We are now firmly in the “villains and relatives” stage of Sony’s Spidey universe—Adam Scott is widely tipped to be playing a younger Uncle Ben in Madame Web—and it’s no great secret that these movies are part of a brazen attempt to hold on to the rights of a financial gold mine. What’s more, Peter Parker himself has barely factored into these offshoots: Holland’s character makes only a cameo in the mid-credits scene for Venom: Let There Be Carnage, while Michael Keaton’s Vulture does the same in Morbius to tease a potential Sinister Six team-up that may never happen. Holland, for his part, sounds iffy on returning for another Spider-Man film, unless it was “worth the while of the character.” Suffice it to say, I’m not sure any of these spinoffs will have Holland clamoring to don the Spidey suit again.
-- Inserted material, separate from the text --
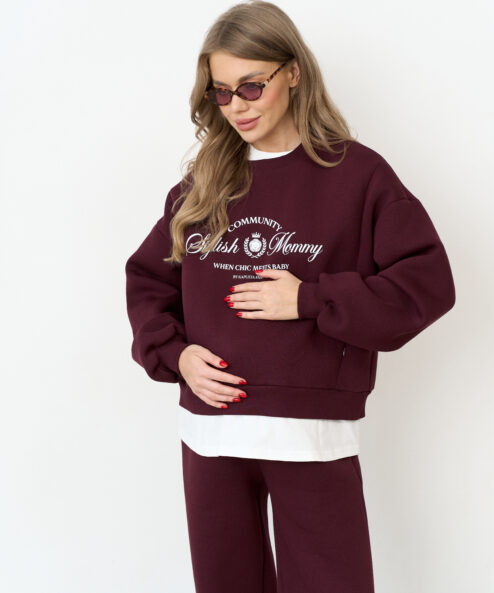 Сливовый теплый свитшот для будущих и кормящих мам Stylish Mommy Сливовый теплый свитшот для будущих и кормящих мам Stylish Mommy — изображение 12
So what does that mean going forward? Well, it should only be a matter of time before Sony capitalizes on the universal acclaim for the Spider-Verse series with a live-action Miles Morales movie. (As a fellow Miles, I will always support such endeavors.) But on the whole, it’s hard to shake the feeling that the creative well has run dry for Sony: a studio trapped in a Sisyphean loop where every iteration of Spider-Man pushes back the termination of the characters’ film rights. A movie like Madame Web is the cinematic equivalent of hitting the snooze button; box office performance notwithstanding, its ultimate value to Sony is helping delay the inevitable.
It’s still possible for Sony’s Spider-Man universe to produce some entertaining gems within such a restrictive framework. (I’m honestly afraid to admit how many times I’ve watched Venom, a masterpiece of so-bad-it’s-good cinema.) Virtually every blockbuster has to contend with the inherent friction between art and commerce: how much a filmmaker can put their own unique stamp on a project, and what concessions must be made to satisfy a studio’s bottom line. The problem with Sony is that the scales are tipped toward a corporate strategy that requires more and more artists to play in the same Spidey sandbox that’s been used since the start of the century. The longer this goes on, the greater the risk that Sony follows in Marvel and DC’s footsteps, oversaturating the market with all-too-familiar superhero movies until audiences cut bait. It’s hard to imagine Madame Web changing the studio’s fortunes, or for the Spider-Man extended universe to sustain interest without the presence of its title character. As fate would have it, Sony is caught in a web of its own making.